2021 yılında OGM bütçesi için 4 milyar 205 milyon 954 bin TL’lik kaynak ayrıldı ancak bu kaynağın merkezi bütçedeki oranı yüzde 0.31’de kaldı. 2022 yılı için OGM’nin bütçesinde yaklaşık yüzde 50’lik artış öngörülse de genel müdürlüğün merkezi bütçe içerisindeki payı yalnızca yüzde 0.35’te kaldı. Böylece aradan geçen yedi yıl içerisinde OGM’nin payı yaklaşık yüzde 35 oranında azalmış oldu. Diğer yandan OGM’nin yangınla mücadele bütçesindeki rakamlar da dikkat çekti. OGM, geçtiğimiz yıl yangınla mücadele için 8.1 milyar TL’lik kaynak harcamıştı. Ancak, bu yıl söz konusu harcama için yalnızca 5.4 milyar TL’lik kaynak ayrıldı.
Özkara: Bıraktığımız yerde olduğumuzu gördük
Uzmanlara göre sahada da eksiklikler bulunuyor.

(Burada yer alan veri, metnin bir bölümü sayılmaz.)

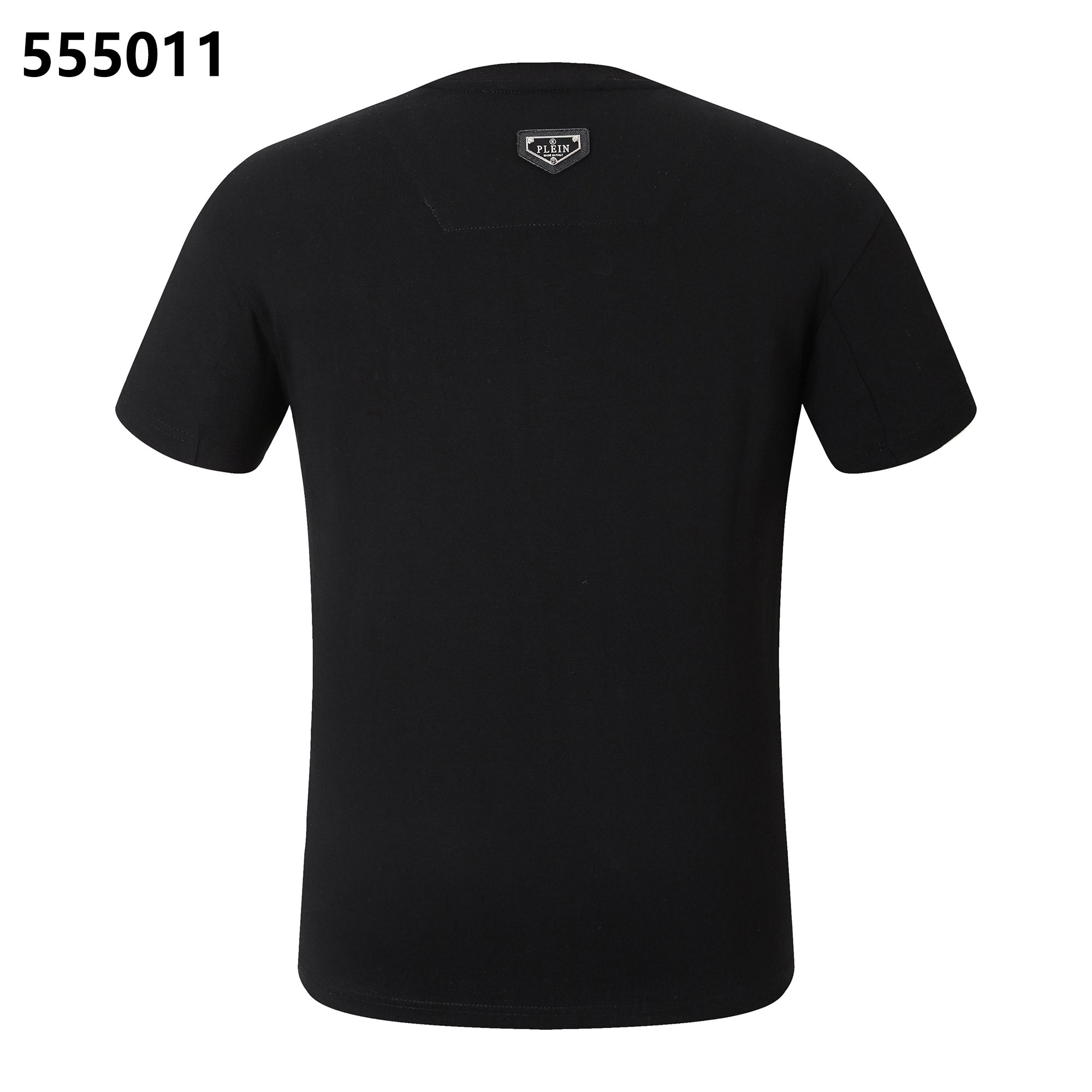 PHILIPP PLEIN クルーネック Tシャツ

Marmaris’teki yangını değerlendiren Türkiye Ormancılar Derneği Başkanı Hüsrev Özkara, “Marmaris’teki yangın yine geçmişteki yaşanan mega yangınlardaki sıkıntının devam ettiğini gösteriyor. Maalesef geldiğimiz nokta itibarıyla bıraktığımız yerde olduğumuzu gördük” ifadesini kullandı. Özkara, yangına karadan müdahale konusundaki eksikliğe de dikkat çekti.

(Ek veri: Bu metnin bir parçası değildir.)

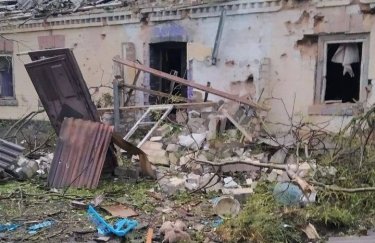 Войска РФ снова обстреляли из "Градов" село на границе Днепропетровской и Херсонской областей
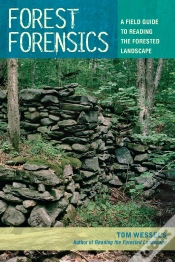 Capa do artigo Forest Forensics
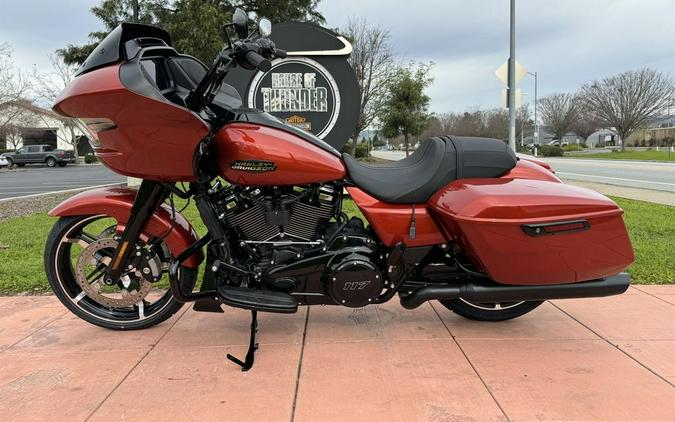 2024 Harley-Davidson® FLTRX - Road Glide®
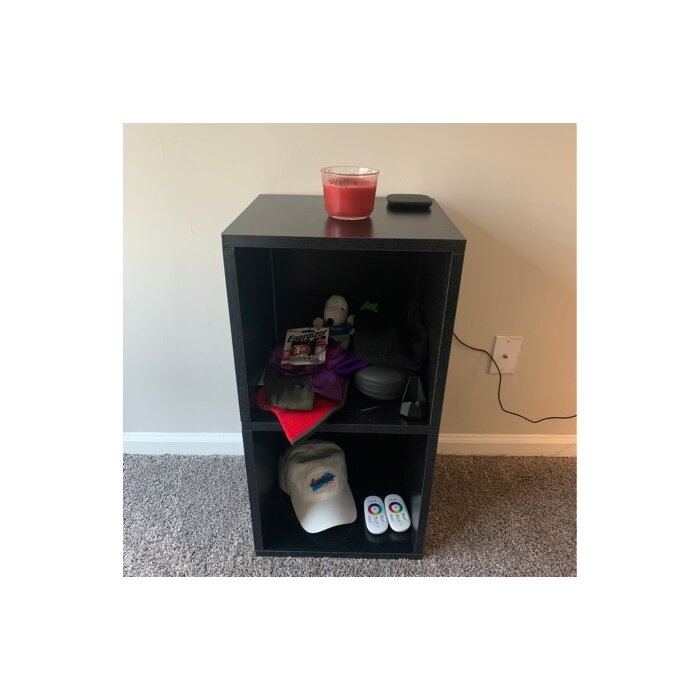 Bellwood Multimedia Media Shelves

Genel Müdürlüğün, büyük çoğunluğu orman yangınlarıyla mücadelede kullanılmak üzere 5 bin işçi alımı için harekete geçtiğini hatırlatan Özkara, halen bu işçilerin eğitimden geçirilip de sahada çalışabilir hale gelemediğine dikkat çekti. Özel sektörle yürütülen taşeron işçi programının da yetersiz kaldığını savunan Özkara, “Yangınla mücadele edecek işçinin tecrübeli olması çok önemli. Bu kişilerin çoğunluğunun da orman köyünde yaşayan insanlardan olması gerekiyor. Bu arkadaşlar, bu duygu ve düşüncelerin içerisinde değilse o tecrübesi yoksa yangında bırakın katkı sağlamalarını, gerçekten olumsuz sonuçları da ortaya çıkabilir” dedi.

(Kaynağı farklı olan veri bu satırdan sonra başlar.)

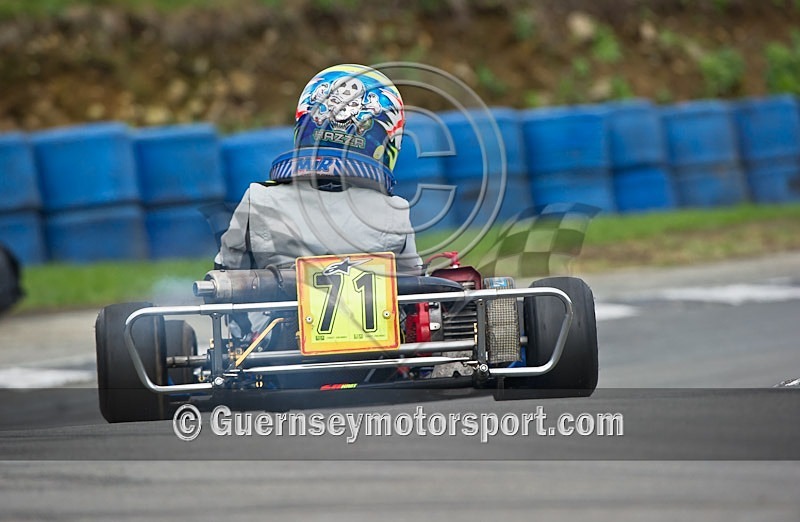 Karting_05-02-2012-16 - KARTING WINTER CHAMPIONSHIP ROUND-2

“Amfibik uçaklar kullanılamıyor”
Öte yandan havadan müdahale ile ilgili yangın söndürme uçakları bu yıl da tartışma konusu olmaya devam ediyor. Bekir Pakdemirli’nin bakanlığı döneminde Tarım ve Orman Bakanlığı ile Türk Hava Kurumu (THK) karşı karşıya gelmiş, “uçabilir durumda olmadığı” gerekçesiyle 2019’dan bu yana THK’nın uçakları yangın söndürme faaliyetlerinde kullanılmamıştı. THK Kayyum Heyeti Başkanı Abdullah Kaya, Pazartesi günü yaptığı açıklamada envanterdeki uçaklardan üçünün bakımının tamamlandığını ve Temmuz ayından itibaren kullanılacağını açıkladı.
THK’nın amfibik uçaklarının göl, deniz ve barajlardan su alarak kısa süre içerisinde yangın bölgesine ulaştırabildiğine dikkat çeken Özkara, şu anda yangın bölgesinde amfibik uçak kullanılamamasını eleştirdi. Özkara, bakan ve üst düzey bürokratların bölgeye gitmelerinin de yangın söndürme faaliyetlerini olumsuz etkilediğini öne sürdü. Özkara, “Geçen sene de uyarmıştık. Çok yanlış bir tutum. Oradaki çalışmanın bütünlüğünü bozar. İdari düzenin etkilenmesine, çalışmanın etkilenmesine neden olur” diye konuştu.